The discharge volume was estimated by measuring the volume poured from the outlet pipe using a bucket once a day.

• Seepage from the field to the open drainage: Wg3

It was difficult to measure and determine the actual seepage from the experimental field to the open drainage. The seepage rate was estimated using a value which was derived by analyzing the composition of the open drainage water. In 2012, we observed the amount and salinity of open drainage, and the salinity of groundwater and irrigation water in Yangiobod WCA (Figure 1b) similar to Axmedov WCA, whose fields are not equipped with subsurface drainage systems, in Mirzaobod District. Simultaneously, we also obtained the amount of distributed irrigation water and precipitation from local organizations. Using these data, we estimated the seepage rate (Table S1) [29].

• Evapotranspiration: Wet

Literature data for Syr-Darya River Basin, showing the reference evapotranspiration (ET0) every ten days [22], were applied to estimate the Wet.

• Salinity in the water: Si, Sr, Sg1, Sg2, Sg3

Samples of canal water used for leaching (Si), rain water (Sr), and the SSDC outflow (Sg2) were collected during the observed period. The sampling days of Si, Sr, and Sg2 were twice in the first leaching and once in the second, at four rainy days, and every day during the water supply and then approximately once every ten days in the later period, respectively. The ECw was measured using an EC meter (EC-33B, HORIBA Advanced Techno, Kyoto, Japan). Occasionally, total dissolved solids in the water (TDS, g L⁻¹) was analyzed to estimate the mass of salts. Here, ECw of the other groundwater (Sg1 and Sg3) is also assumed to be the same as that of the SSDC outlet water.

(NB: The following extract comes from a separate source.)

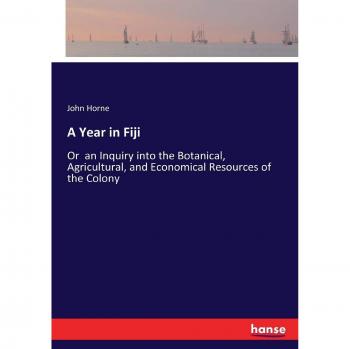A Year in Fiji: Or  an Inquiry into the Botanical, Agricultural, and Economical Resources of the Colony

• Salinity in the soil: Ss1, Ss2

The electrical conductivities of a 1:1 suspension (EC1:1) of sampled soils were measured. Each EC1:1 value was converted to ECe using an empirical formula presented by the Research Institute of Irrigation and Water Problems of Uzbekistan [30]. To estimate the salt balance, TDS volume in the soil (TDSsoil), expressed in terms of mass percentage, before and after leaching was analyzed. TDSsoil is determined by a percentage of TDS weight in 1:5 suspension to the dry soil weight. The change in soil salinity was evaluated with an analysis of variance method.

3. Results

3.1. Data Analysis

• Soil moisture: Ws1, Ws2

Soil samples were taken before leaching on 19 and 20 December 2016, and after leaching on 27 and 28 February 2017. The volumetric water contents before and after leaching are shown in Figure 5. Soil moisture was horizontally uniform before leaching while those of surface and bottom layers were higher than that of the middle layer. During leaching, all plots were flooded, and at the end of February when 1.5 months from the final day of leaching had passed, moisture levels remained high in almost the entire root zone. The only exception in this case was the surface layer (0–20 cm) near the drain pipe.

The stored water in the root zone before and after leaching was 261 and 384 mm in the control field, and 259 and 379 mm in the SSDC field, respectively.

• Leaching water: Wi

Leaching in the experimental field was carried out twice according to the WCA’s water distribution plan. The first leaching was conducted from 21 at 11 a.m. to 29 at 11 a.m. December 2016, and the second from 3 at 11 a.m. to 12 at 4 p.m. January 2017. In the SSDC field, leaching was carried out from 25 at 10 a.m. to 27 at 9 p.m. December 2016, and then restarted from 6 at 6 p.m. to 11 at 6 p.m. January 2017. The depths of the first and second leaching were 192 and 118 mm, respectively, resulting in a 310 mm of total leaching.

• Precipitation: Wr

The precipitation was 127 mm during the 70 days.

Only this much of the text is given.